# a few dumpster spots and quick cash jobs in columbus, oh



## matt-tard77 (Aug 17, 2009)

there ain't much good scores walking distance of campus, homebums make too much mess so all the pizza scores lock the dumpsters, but if you or anyone else have access to a car there's 2 trader joes that are amazing scores after 10 (if you get em before someone else, they are columbus hotspots)

there's one inside this mall called easton

there's one in dublin, it's a really rich neighborhood, this one is way better, a lot of times it has a smaller score then the easton one, but this one is also right by a gfs, a krispee kreme, and an einstein bagels that are usually good scores. 


there's also a food not bombs but it's all pretty pc kids with flavorless vegan food....

here are some other good scores for one time only jobs, but it's pretty hard to get them sometimes, you need a car of bike for all of them:

delve: 614-436-2025. delve is a market study place, mostly food, other stuff too. my old roomate tried a bunch of differant kinds of wendys fries for 60 bucks, my buddy tried 7up flavors for 60 bucks, my mother sat around talking about laundry detergent or something for 70 bucks.....I have yet to get on it because it is kind of far away, and usually my market group is filled (it's not hard to find 21 year old white smokers who eat a lot of meat and like pbr).....I almost got on a beer one too...goddamnit...just call and ask if there any studies open

medical study 1: 614-262-6155. I did this one, it's pretty cool, you have to be between 18-24, a former/current pill user, social drug user, you can not have ever done heroin, and you can't seem like an addict, you have to pass a phone screening. but they pay you 80 bucks to sit around and answer questions about when you first did all these types of pills and why, and after that they give you cards and you can refer people, you get paid 15 for every referrel, unless you drive them there (or they think you did), you get 25 for that


med study 2: 614-292-6908. I havn't done these, it's medical studies from the university. usually dealing with pills/painkillers, a lot of them you have to be non smoker, but they all pay very well.....my friend got 500 for popping random pills and letting docters cut him a few times 3 times a week and he rated the pain. there are random times of 500 bucks for eating random pills and getting a lot of money for answering questions for side effects, there was one my friend almost got to do where it was a painkiller you snort....this is usually a sweet deal, they give you pain pills and pay you money. I do pain pills for free (sometimes even pay) all the time!


----------



## bikegeek666 (Sep 14, 2009)

i always had good luck dumpstering pizza in c-bus. i think it's papa john's off of like, 5th and high or something that i used to live near and hit a bunch. 
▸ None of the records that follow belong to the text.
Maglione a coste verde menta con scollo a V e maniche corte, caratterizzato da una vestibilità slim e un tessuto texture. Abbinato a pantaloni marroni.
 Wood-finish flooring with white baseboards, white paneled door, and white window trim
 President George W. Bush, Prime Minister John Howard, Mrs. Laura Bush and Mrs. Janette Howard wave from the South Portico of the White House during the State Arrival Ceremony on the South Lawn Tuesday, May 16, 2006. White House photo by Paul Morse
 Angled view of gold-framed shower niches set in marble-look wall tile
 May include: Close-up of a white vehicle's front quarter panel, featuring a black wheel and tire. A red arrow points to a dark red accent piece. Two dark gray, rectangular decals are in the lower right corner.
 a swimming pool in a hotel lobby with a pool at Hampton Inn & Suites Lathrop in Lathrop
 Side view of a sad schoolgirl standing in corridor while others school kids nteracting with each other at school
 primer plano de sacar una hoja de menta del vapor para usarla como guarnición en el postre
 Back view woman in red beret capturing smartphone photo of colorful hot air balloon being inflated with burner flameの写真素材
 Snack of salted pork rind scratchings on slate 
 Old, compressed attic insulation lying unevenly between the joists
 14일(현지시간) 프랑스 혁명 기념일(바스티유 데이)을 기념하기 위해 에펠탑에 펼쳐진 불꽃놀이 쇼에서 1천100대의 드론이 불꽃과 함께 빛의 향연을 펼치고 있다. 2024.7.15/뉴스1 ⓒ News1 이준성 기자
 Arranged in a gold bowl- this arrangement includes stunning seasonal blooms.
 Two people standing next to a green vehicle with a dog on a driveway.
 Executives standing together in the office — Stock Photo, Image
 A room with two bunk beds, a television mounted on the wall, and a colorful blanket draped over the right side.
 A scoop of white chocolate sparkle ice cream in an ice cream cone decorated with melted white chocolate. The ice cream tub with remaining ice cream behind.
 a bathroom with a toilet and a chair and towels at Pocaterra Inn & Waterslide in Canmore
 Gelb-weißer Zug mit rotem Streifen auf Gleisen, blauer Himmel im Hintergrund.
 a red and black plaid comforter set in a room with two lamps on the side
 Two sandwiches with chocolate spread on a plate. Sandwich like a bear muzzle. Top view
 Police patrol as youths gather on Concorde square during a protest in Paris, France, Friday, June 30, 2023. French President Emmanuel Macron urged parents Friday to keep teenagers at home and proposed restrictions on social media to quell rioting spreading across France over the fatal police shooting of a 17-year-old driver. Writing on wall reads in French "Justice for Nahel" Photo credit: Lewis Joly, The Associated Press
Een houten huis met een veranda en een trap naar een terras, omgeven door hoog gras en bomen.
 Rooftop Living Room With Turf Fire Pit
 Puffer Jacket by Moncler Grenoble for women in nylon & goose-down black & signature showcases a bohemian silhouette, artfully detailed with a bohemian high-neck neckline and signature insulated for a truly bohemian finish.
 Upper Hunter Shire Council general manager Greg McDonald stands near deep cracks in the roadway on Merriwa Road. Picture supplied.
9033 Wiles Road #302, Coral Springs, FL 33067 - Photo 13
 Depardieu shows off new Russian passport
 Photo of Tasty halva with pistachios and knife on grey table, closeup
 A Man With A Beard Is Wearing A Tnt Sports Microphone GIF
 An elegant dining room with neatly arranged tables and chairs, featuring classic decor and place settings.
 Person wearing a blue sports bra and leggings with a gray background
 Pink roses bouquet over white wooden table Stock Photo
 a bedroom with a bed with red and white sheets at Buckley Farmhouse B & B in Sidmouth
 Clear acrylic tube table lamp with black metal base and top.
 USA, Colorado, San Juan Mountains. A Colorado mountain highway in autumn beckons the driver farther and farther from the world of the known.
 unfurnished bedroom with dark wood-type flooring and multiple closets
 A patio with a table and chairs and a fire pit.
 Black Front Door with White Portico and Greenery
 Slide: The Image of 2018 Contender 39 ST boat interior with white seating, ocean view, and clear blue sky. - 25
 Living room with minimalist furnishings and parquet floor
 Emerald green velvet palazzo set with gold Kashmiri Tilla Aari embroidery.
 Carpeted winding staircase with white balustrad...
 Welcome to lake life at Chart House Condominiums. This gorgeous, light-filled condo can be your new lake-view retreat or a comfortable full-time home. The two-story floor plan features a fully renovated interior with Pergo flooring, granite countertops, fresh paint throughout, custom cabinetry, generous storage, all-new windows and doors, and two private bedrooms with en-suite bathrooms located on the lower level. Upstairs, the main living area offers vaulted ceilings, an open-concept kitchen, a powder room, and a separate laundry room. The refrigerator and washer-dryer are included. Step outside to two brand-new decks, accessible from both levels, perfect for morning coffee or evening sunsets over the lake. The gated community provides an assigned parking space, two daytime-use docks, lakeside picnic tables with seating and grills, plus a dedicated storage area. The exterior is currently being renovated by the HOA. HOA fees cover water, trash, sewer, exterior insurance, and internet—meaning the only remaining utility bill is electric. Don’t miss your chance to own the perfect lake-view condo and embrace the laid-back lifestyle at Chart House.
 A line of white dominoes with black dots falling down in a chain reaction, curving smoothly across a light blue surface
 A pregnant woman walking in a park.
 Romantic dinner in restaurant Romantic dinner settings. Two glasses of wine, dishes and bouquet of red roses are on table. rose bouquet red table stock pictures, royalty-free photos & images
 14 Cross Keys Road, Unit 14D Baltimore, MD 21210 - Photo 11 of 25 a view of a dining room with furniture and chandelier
and, ha, i remember dumpstering the easton tj's and having to hide down in all the trash bags from the fucking fascist easton cops...that place is creepy as shit to me. 

crap, i'm having trouble remembering all the good dumpsters, but i thought it was one of the better places i've lived for dumpstering.


----------



## metalsquatter (Nov 24, 2009)

right on man im gonna use those jobs and dumpster spots when i go through columbus whhen i head south


----------



## Pheonix (Sep 20, 2010)

back in 2004 every time I went dumpstering there I got tons of dumpster pizza

Papa Johns near 5th and high

Gumby's near blake and high

Domino's near lane and high

Donato's near frambes and high

Buckeye Doughnuts at 18th and high


----------



## treatment (Oct 7, 2010)

Panera Bread anywhere in Columbus usually has a good amount of bagels/donuts/whatever. Some may donate, but I know that there is good luck to be had with Panera. Also Tim Hortons by AMC Lennox on Kinnear (Just west of where Campus becomes Downtown)


----------



## Pheonix (Oct 7, 2010)

treatment said:


> Panera Bread anywhere in Columbus usually has a good amount of bagels/donuts/whatever. Some may donate, but I know that there is good luck to be had with Panera. Also Tim Hortons by AMC Lennox on Kinnear (Just west of where Campus becomes Downtown)


 
that would be the one on olentangy river road and king ave. campus doesn't meet downtown cause you have the short north between them.


----------



## slackHaddock (Sep 28, 2012)

Hell yes delve. Its right by the dublin trader joes as well. Sucks gettin there without car but its ohio most people have a car. Made thousands off delve tryin wendys and tobacco over a couple yrs. Theres a test market called spencer research in grandview that does mostly health products but pays less however closer to the city. A shitty scheme in a pinch is thrift store scavenging then re sell to ragorama on high st. Not a lot of gain there though. 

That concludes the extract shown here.